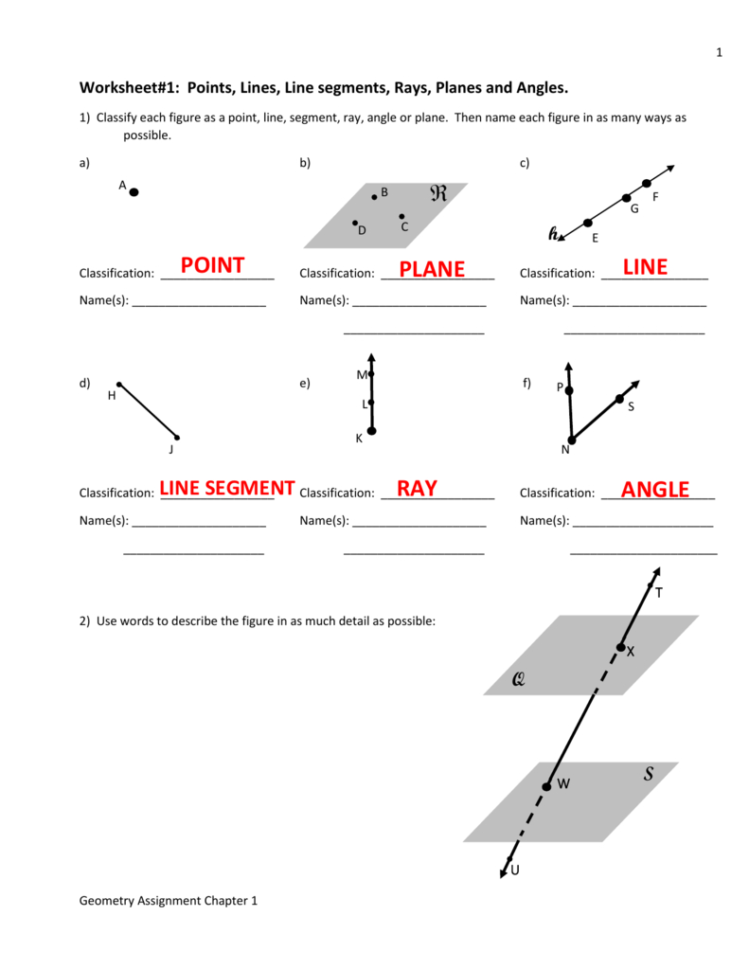 Worksheet1 Points Lines Line Segments Rays Planes And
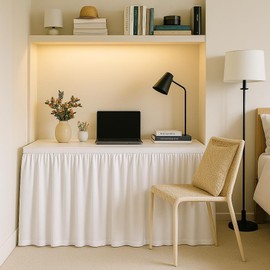 Dorm Desk Skirt, Custom Fitted Tablecloth Without Platform with Split Corners, Perfect for Dorms & Home Offices Solid White Bed Skirt Ruffled Gathered (24" deep x 42" Wide)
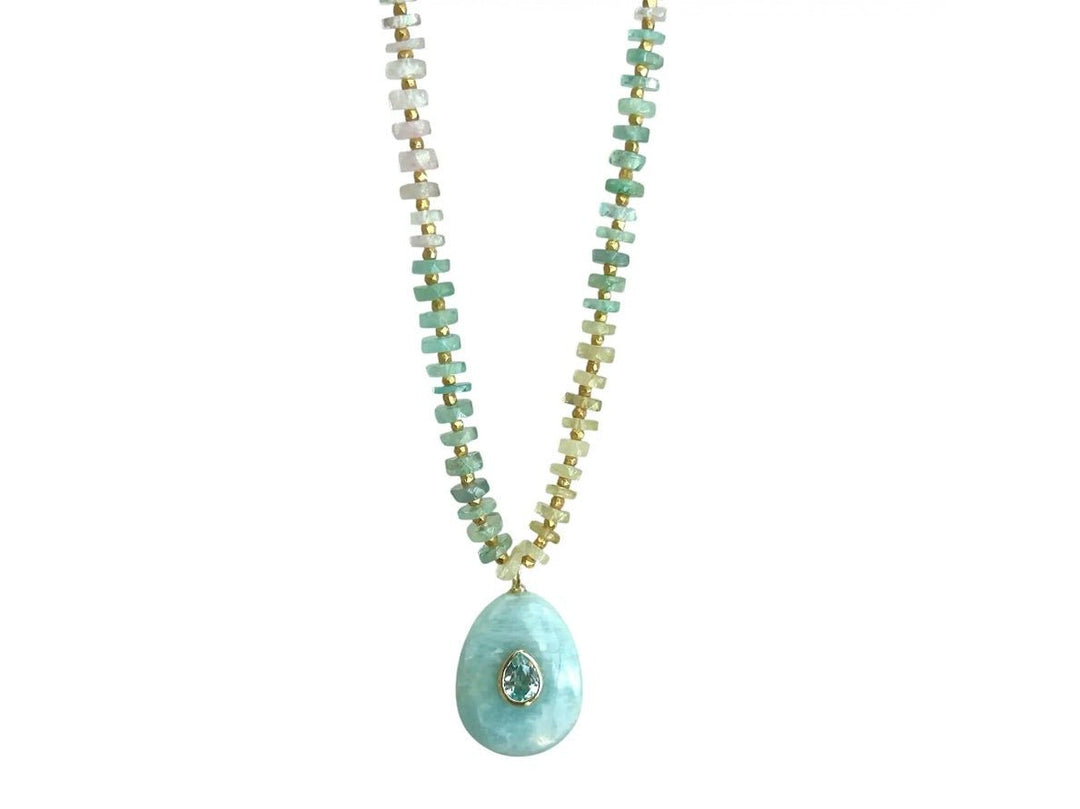 Aquamarine Necklace with Aquamarine and Topaz Charm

---+---

## EXERCISE INSTRUCTIONS
With the line containing "Dorm Desk Skirt, Custom" as the first line and the last line of the listing as the final one, reproduce that span exactly, without pictures.

## TASK OUTPUT
 Dorm Desk Skirt, Custom Fitted Tablecloth Without Platform with Split Corners, Perfect for Dorms & Home Offices Solid White Bed Skirt Ruffled Gathered (24" deep x 42" Wide)
 Aquamarine Necklace with Aquamarine and Topaz Charm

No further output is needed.